前回に引き続き、Stable Diffusion 3/3.5をComfyUI上でAPIで利用しましょう!後編はComfyUI 上でStability AIの高度な画像生成、画像編集技術としてアップスケール、Erase、inpaint、outpaint、search-and-replace、search-and-recolor、Control(画像制御)、Sketch、Structure、Style、Image-to-Videoについて学んでいきます。
https://note.com/aicu/n/nbe75746520e3
1. カスタムノード使用準備
今回も、以下のカスタムノード(comfyui-stability-ai-api)を使用します。このカスタムノードは、ComfyUI上でStability AI APIを実行し、その結果を画像や動画で出力するノードです。
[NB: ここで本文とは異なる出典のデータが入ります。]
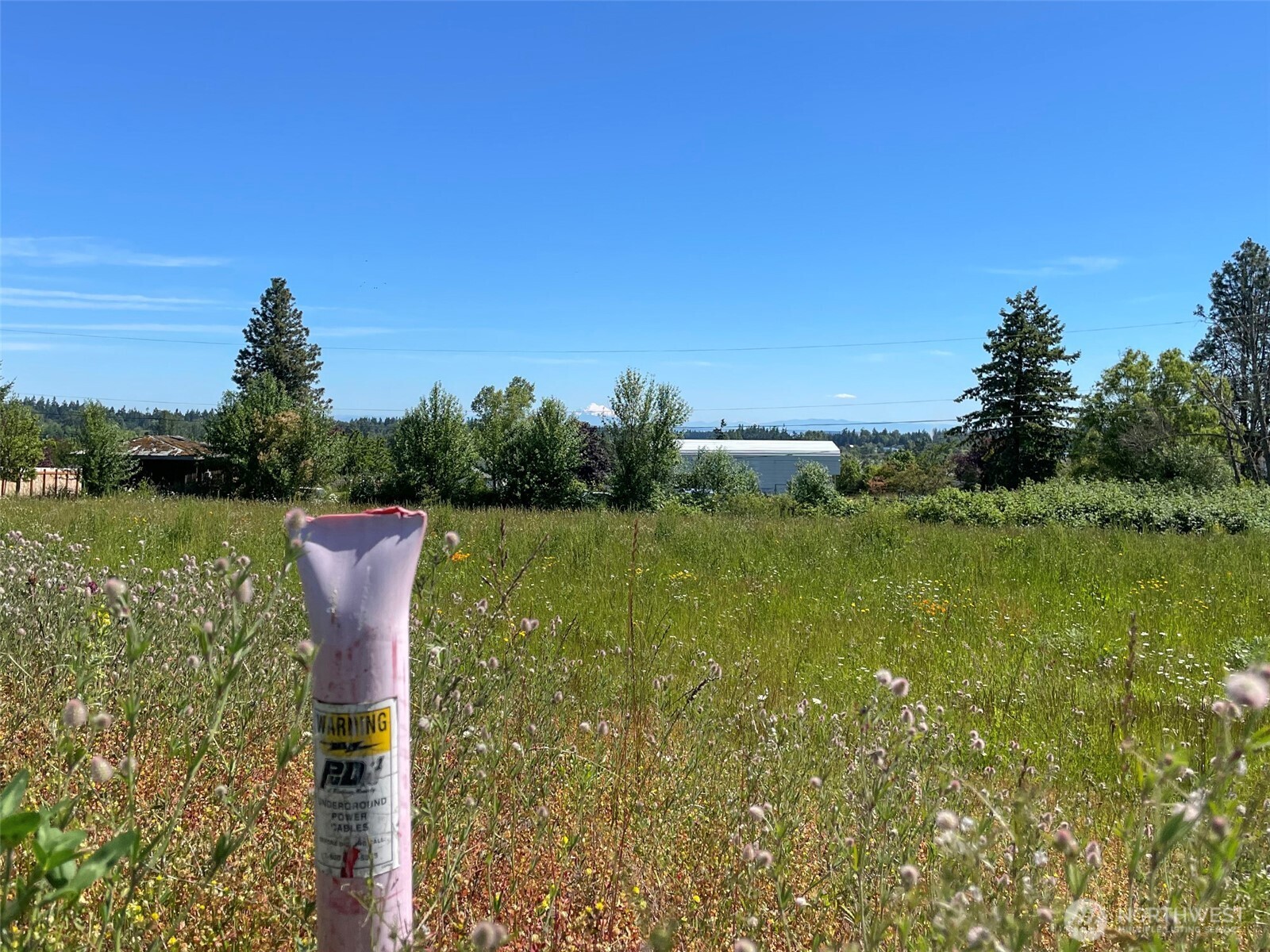 862 South Still Road Sequim, WA 98382 - Photo 9 of 15 a garden view with a lake view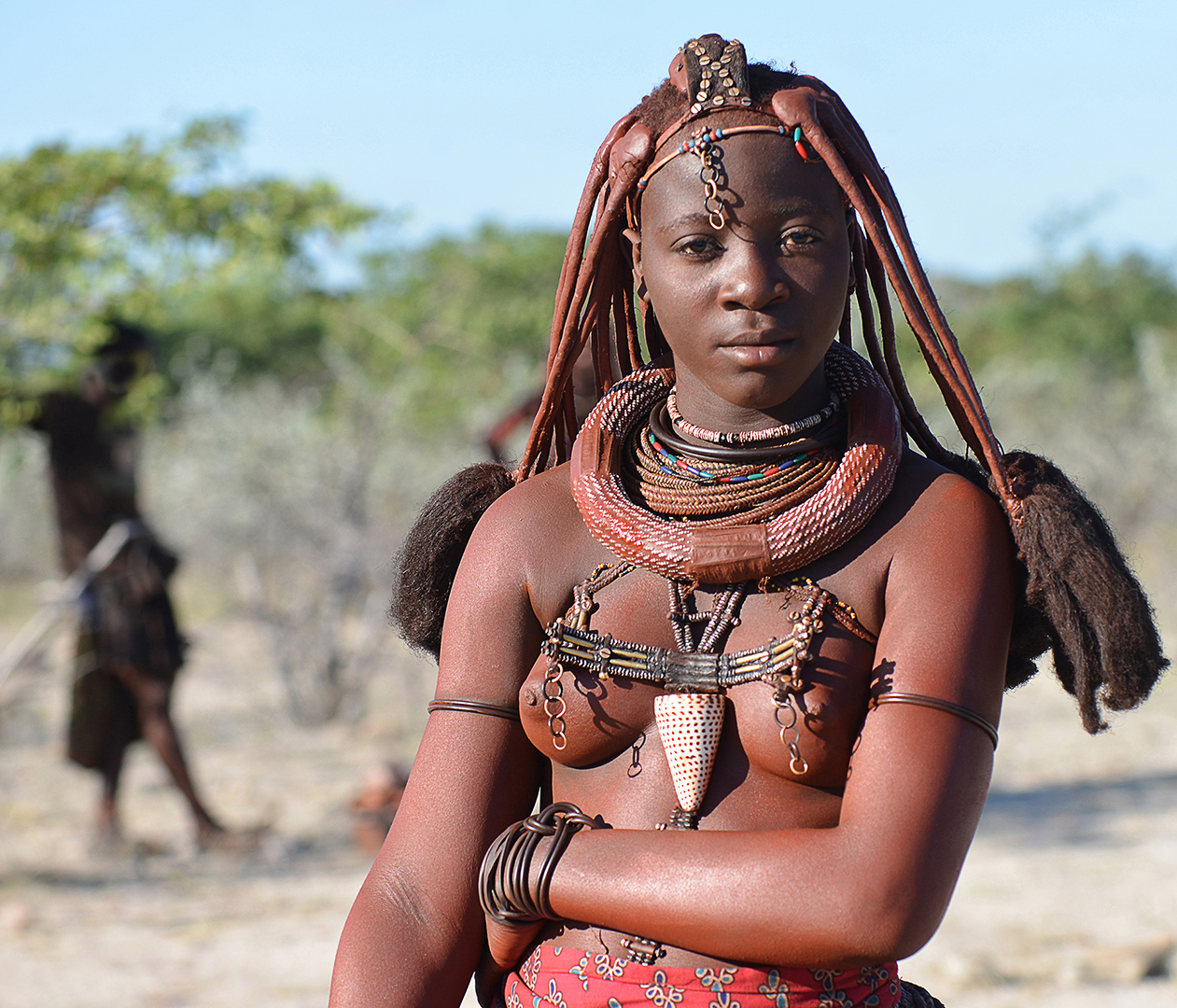 Himba tits - 🧡 373 - Donna Himba Daniela Flickr.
https://github.com/yhayano-ponotech/comfyui-stability-ai-api
このカスタムノードが提供する各種ノードには、APIキーを設定するウィジェット「api_key」が用意されています。ここにAPIキーを設定することで、Stability AI APIを使用可能になります。

5. ワークフローの実行
それでは、Stability AI APIをComfyUI上で実行していきます。ワークフローは、以下のGitHubリポジトリに格納されているので、こちらよりダウンロードし、ComfyUIにロードしてください。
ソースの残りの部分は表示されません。